_Your objective:_ Down to the last line, retype the records below exactly and skip the pictures.

_Material to process:_
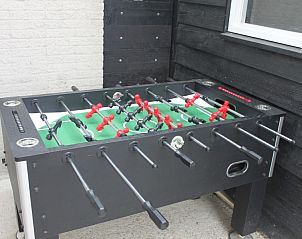 Gezellige woonkamer in Huize 100-1, vakantiehuis in De Koog, Texel, met comfortabele zitplaatsen.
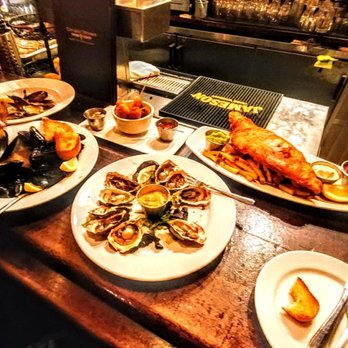 The Auld Dubliner - Mussells, oysters, bread and the  absolutely delicious non scrimpy sized FISH n Chips ! - Irish Near Me - Long Beach, California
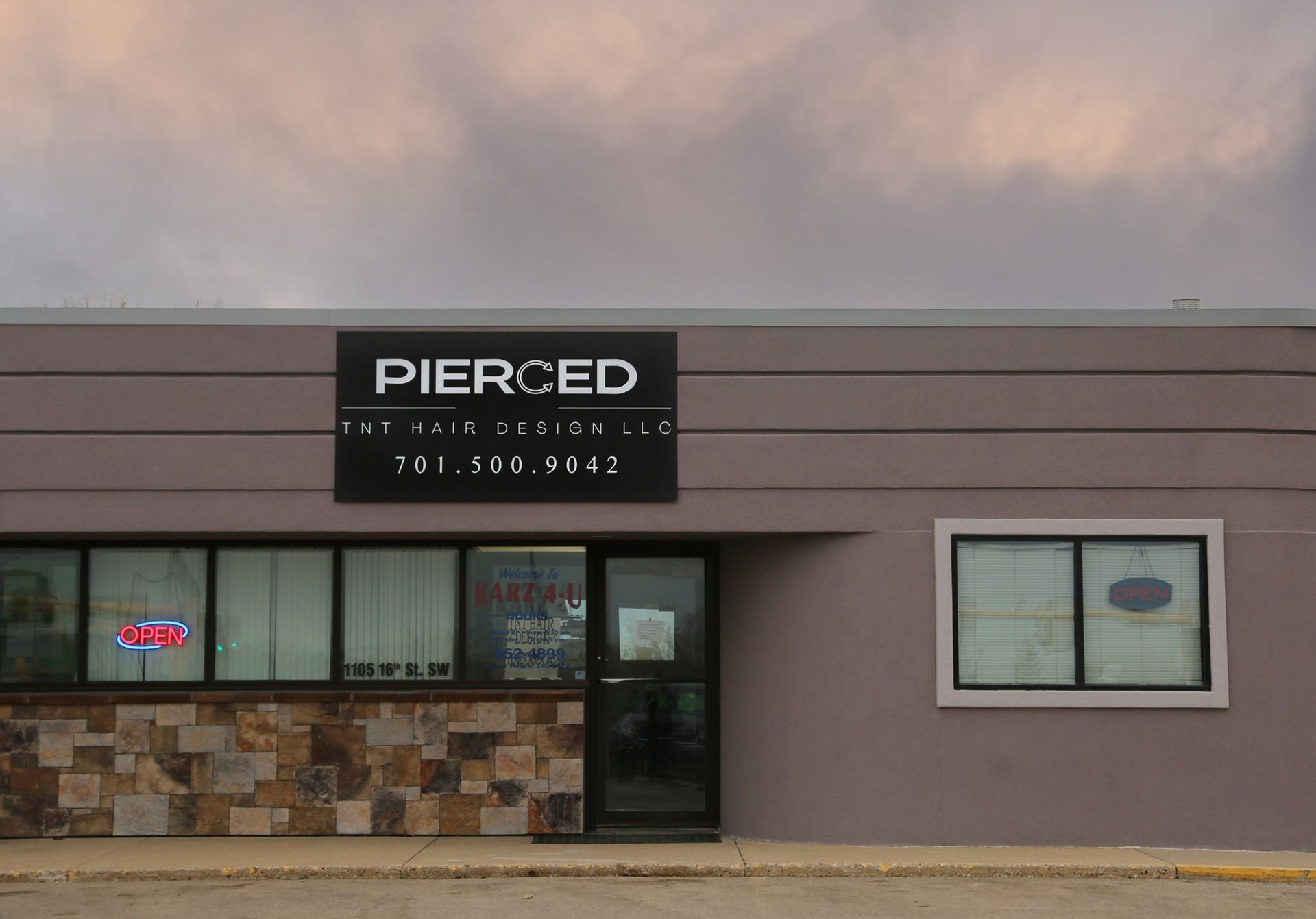 Pierced store front with stone facade, black sign, windows, and glass door under a cloudy sky.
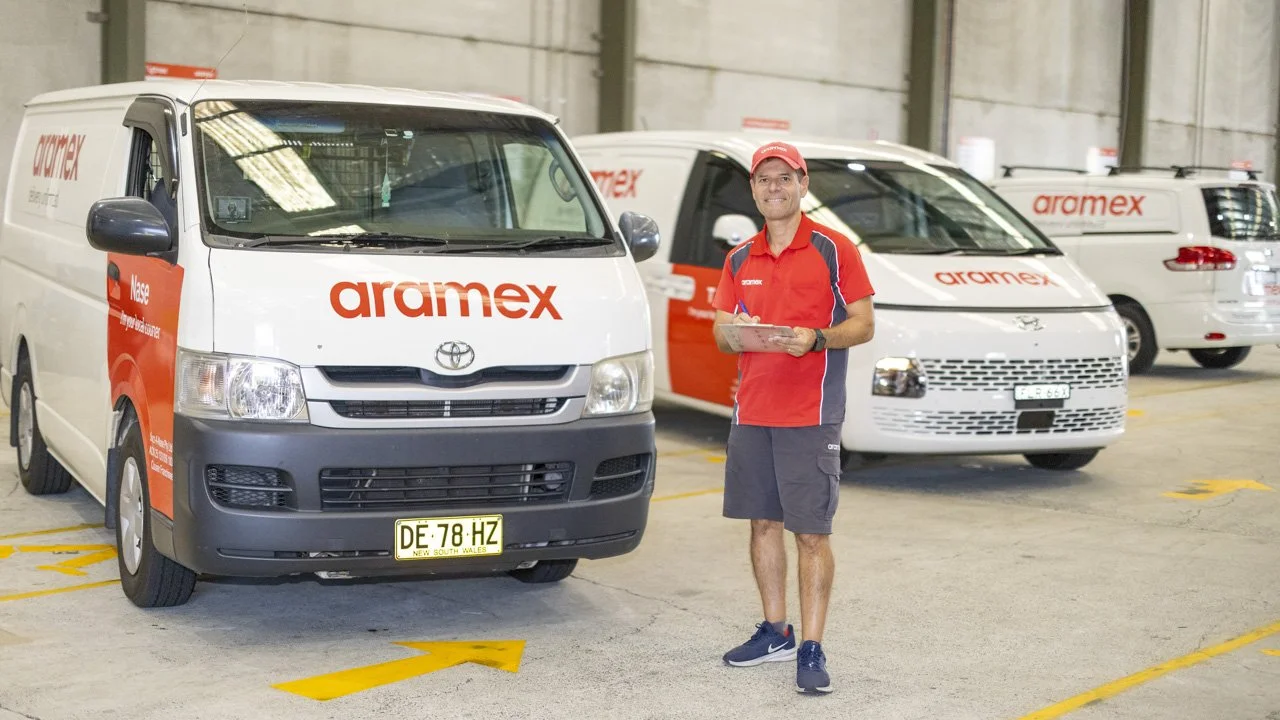 A man in a red Aramex uniform holding a clipboard stands inside a warehouse with white delivery vans that have Aramex branding and logos, parked in marked parking spots.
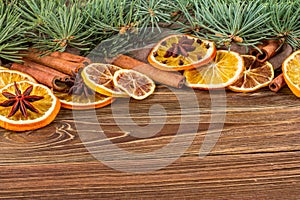 Dried oranges, star anise, cinnamon sticks and gingerbread on a wooden background -- Christmas background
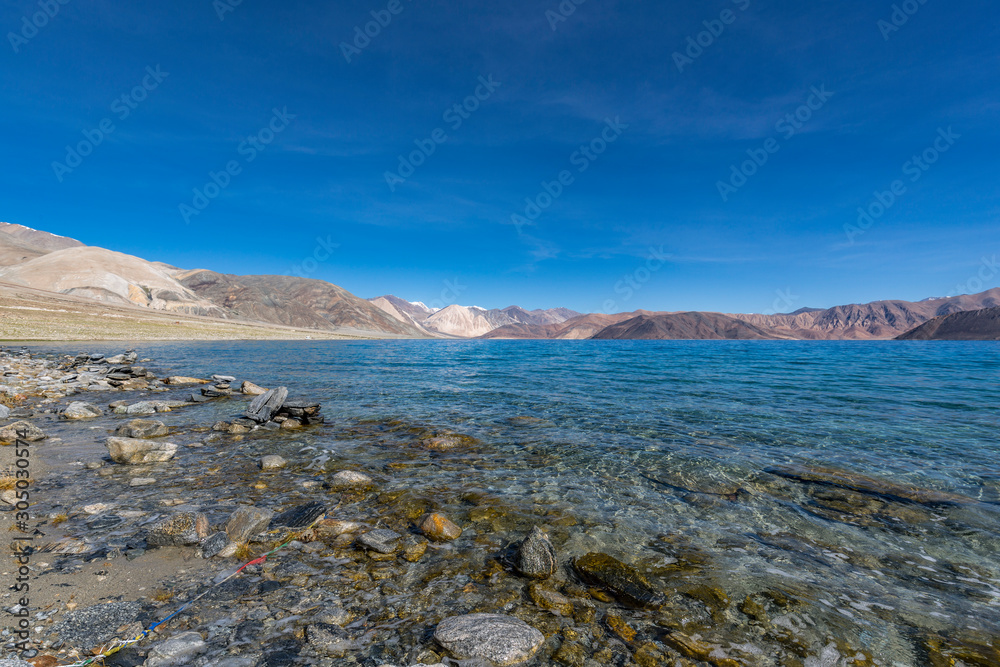 Stone stacked on the bank of  Pangong Lake or Pangong Tso in Ladakh, India 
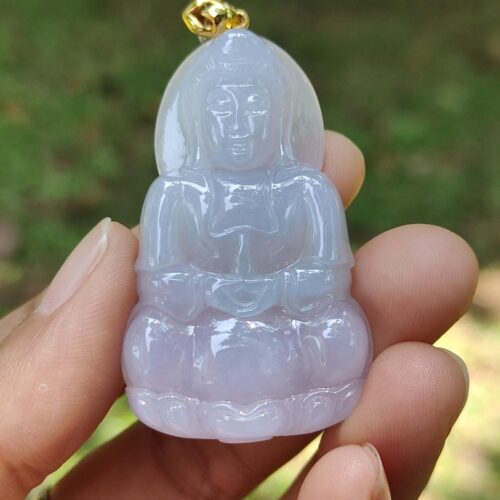 a person holding a jade pendant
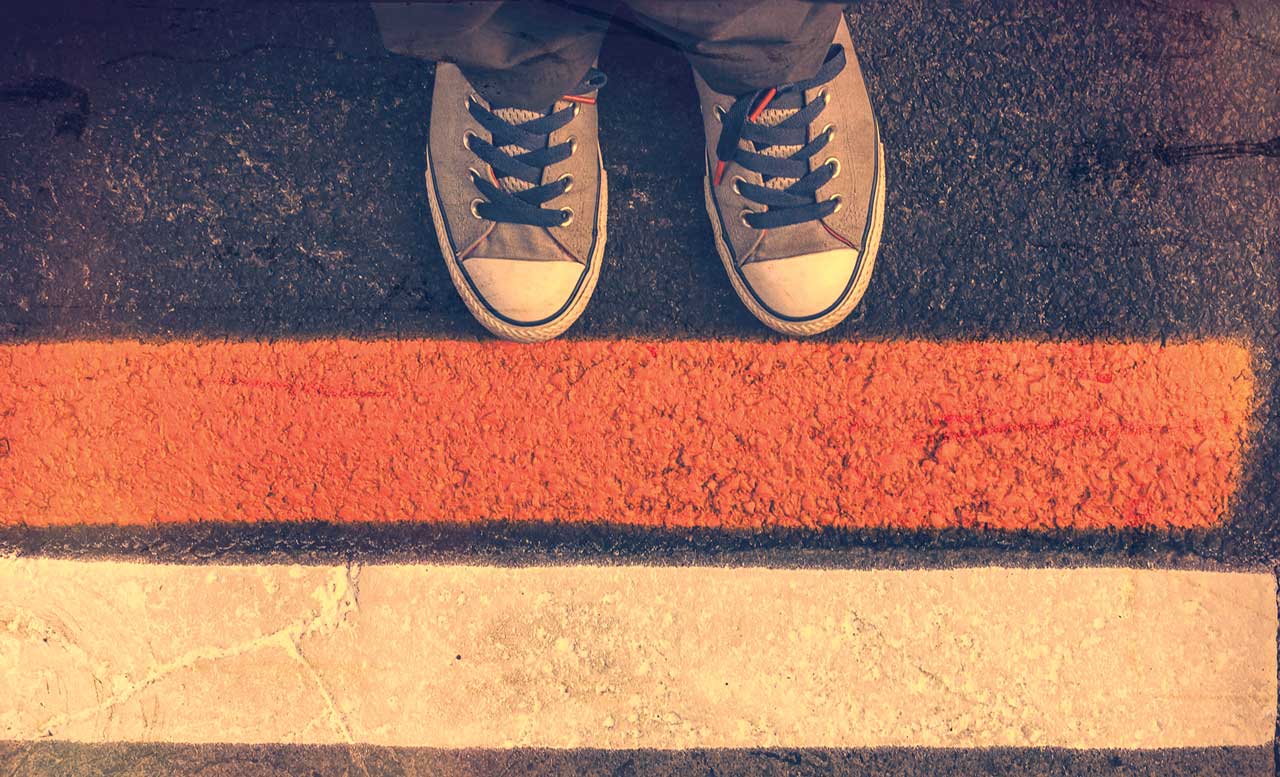 Photo illustration of two lines drawn on asphalt, as seen from above, with the pair of shoes of a person at the edge of the line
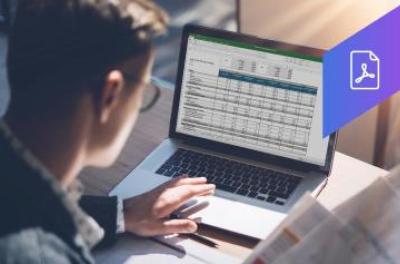 man at computer with pdf icon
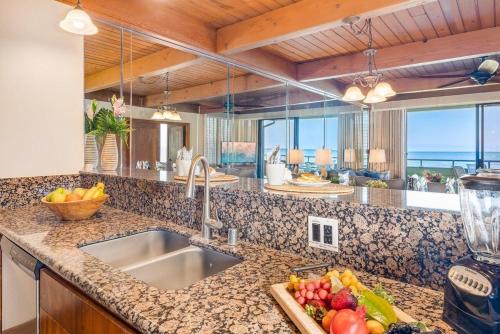 une cuisine avec un évier et un comptoir avec un bol de fruits dans l'établissement Kahana Outrigger 3A2 · KHO 3A2 Updated OceanFront 3BD wPool AC O, à Kahana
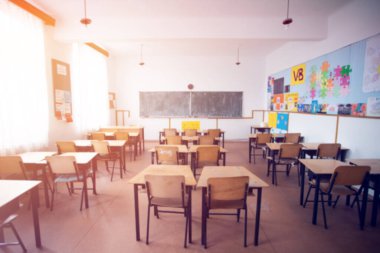 Okul konseptine geri dönelim. Sandalyeleri, masaları ve tahtası olan güneşli sınıfın bulanık görüntüsü.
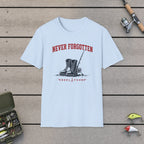 Never Forgotten T-Shirt on a wooden dock with fishing rod, reel, tackle box and lures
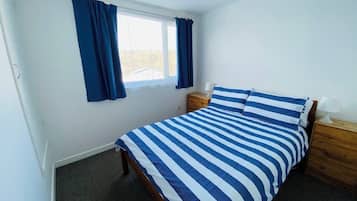 A bedroom with a bed, a nightstand, a lamp, and a window with curtains.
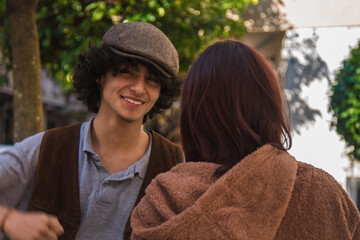 Frustrated mixed-race young couple having argument and quarrelling with each other outdoors in the...
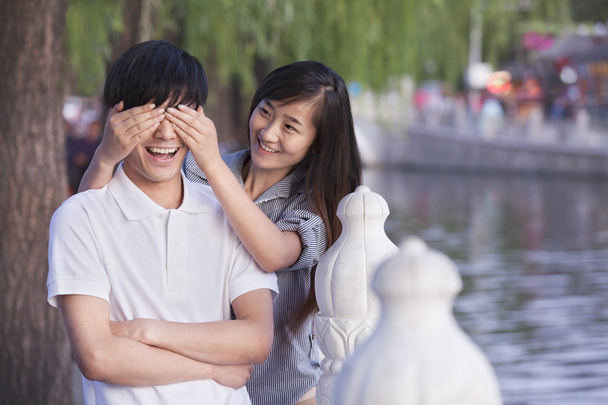 Woman Covering Mans Eyes by a Lake - Photo, Image
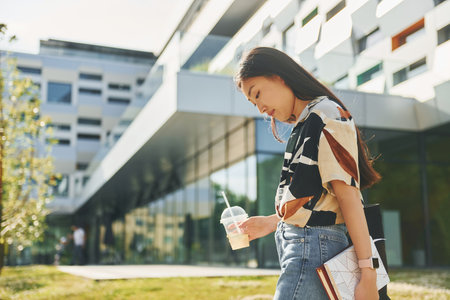 Student walks near modern building. Young asian woman is outdoors at daytimeの写真素材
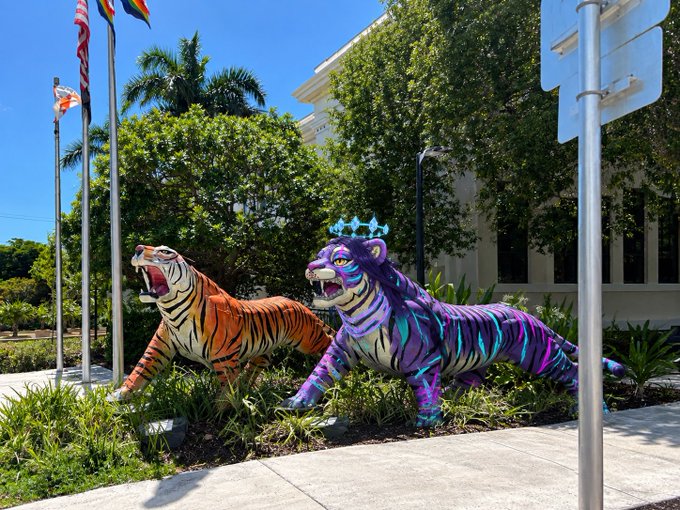 Two colorful, roaring tiger statues—one orange with black stripes and one purple with neon blue stripes wearing a crown—sit in a landscaped garden area in front of a building with flagpoles.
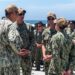 220721-N-VQ947-1031 SAN DIEGO - (July 21, 2022) – San Antonio-class amphibious transport dock ship USS Portland (LPD 27), executive officer, U.S. Navy Cmdr. Jonath Stinnett, center left, and commanding officer , U.S. Navy Capt. Matthew Thomas, center right, listen as U.S. Navy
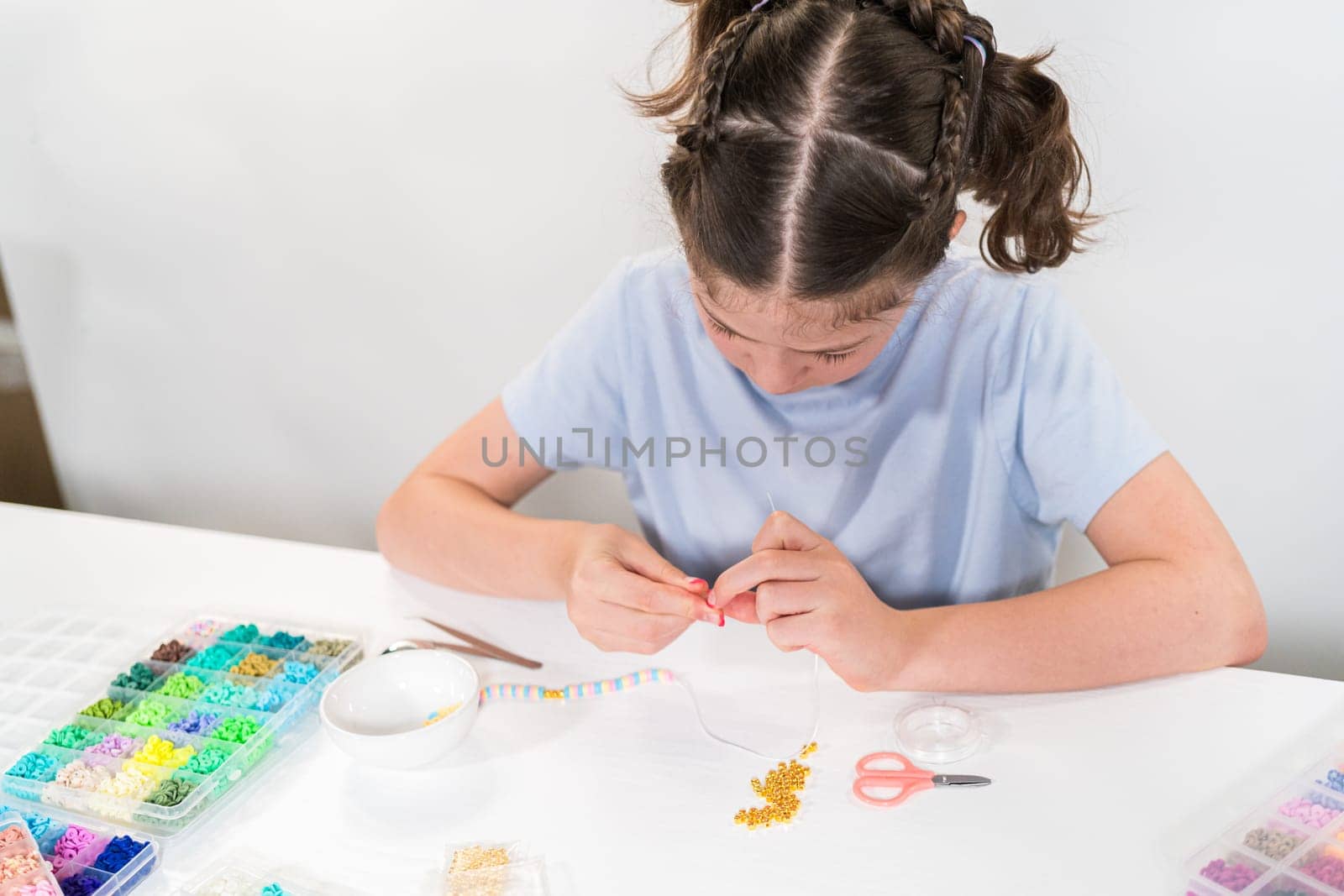 Little girl enjoys crafting colorful bracelets with vibrant clay beads set.
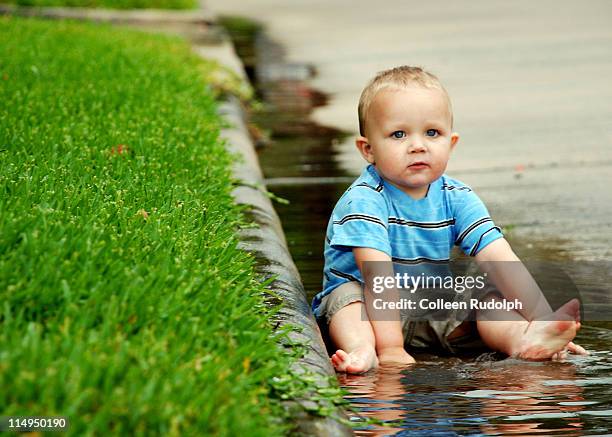 toddler boy sitting in rain - rudolph stock pictures, royalty-free photos & images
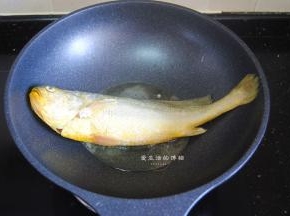 热锅，锅内倒入适量的油，放入敷了薄淀粉的黄花鱼，中小火慢煎。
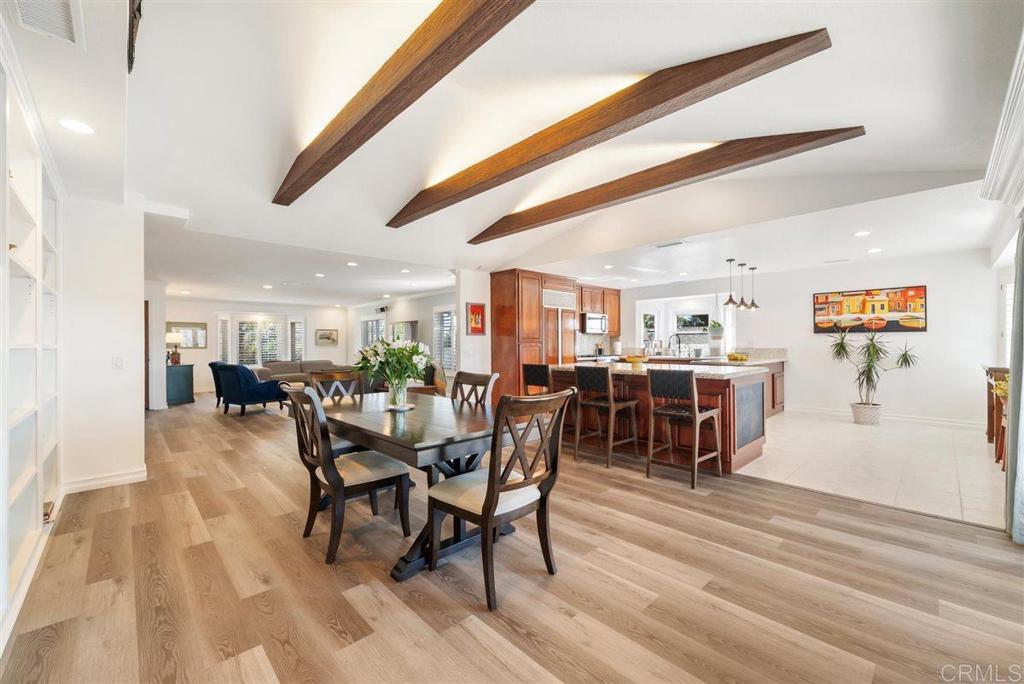 16416 Wikiup Road Ramona, CA 92065 - Photo 12 of 26 a dining room with furniture and wooden floor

_Result for this task:_
 Gezellige woonkamer in Huize 100-1, vakantiehuis in De Koog, Texel, met comfortabele zitplaatsen.
 The Auld Dubliner - Mussells, oysters, bread and the  absolutely delicious non scrimpy sized FISH n Chips ! - Irish Near Me - Long Beach, California
 Pierced store front with stone facade, black sign, windows, and glass door under a cloudy sky.
 A man in a red Aramex uniform holding a clipboard stands inside a warehouse with white delivery vans that have Aramex branding and logos, parked in marked parking spots.
 Dried oranges, star anise, cinnamon sticks and gingerbread on a wooden background -- Christmas background
 Stone stacked on the bank of  Pangong Lake or Pangong Tso in Ladakh, India 
 a person holding a jade pendant
 Photo illustration of two lines drawn on asphalt, as seen from above, with the pair of shoes of a person at the edge of the line
 man at computer with pdf icon
 une cuisine avec un évier et un comptoir avec un bol de fruits dans l'établissement Kahana Outrigger 3A2 · KHO 3A2 Updated OceanFront 3BD wPool AC O, à Kahana
 Okul konseptine geri dönelim. Sandalyeleri, masaları ve tahtası olan güneşli sınıfın bulanık görüntüsü.
 Never Forgotten T-Shirt on a wooden dock with fishing rod, reel, tackle box and lures
 A bedroom with a bed, a nightstand, a lamp, and a window with curtains.
 Frustrated mixed-race young couple having argument and quarrelling with each other outdoors in the...
 Woman Covering Mans Eyes by a Lake - Photo, Image
 Student walks near modern building. Young asian woman is outdoors at daytimeの写真素材
 Two colorful, roaring tiger statues—one orange with black stripes and one purple with neon blue stripes wearing a crown—sit in a landscaped garden area in front of a building with flagpoles.
 220721-N-VQ947-1031 SAN DIEGO - (July 21, 2022) – San Antonio-class amphibious transport dock ship USS Portland (LPD 27), executive officer, U.S. Navy Cmdr. Jonath Stinnett, center left, and commanding officer , U.S. Navy Capt. Matthew Thomas, center right, listen as U.S. Navy
 Little girl enjoys crafting colorful bracelets with vibrant clay beads set.
 toddler boy sitting in rain - rudolph stock pictures, royalty-free photos & images
 热锅，锅内倒入适量的油，放入敷了薄淀粉的黄花鱼，中小火慢煎。
 16416 Wikiup Road Ramona, CA 92065 - Photo 12 of 26 a dining room with furniture and wooden floor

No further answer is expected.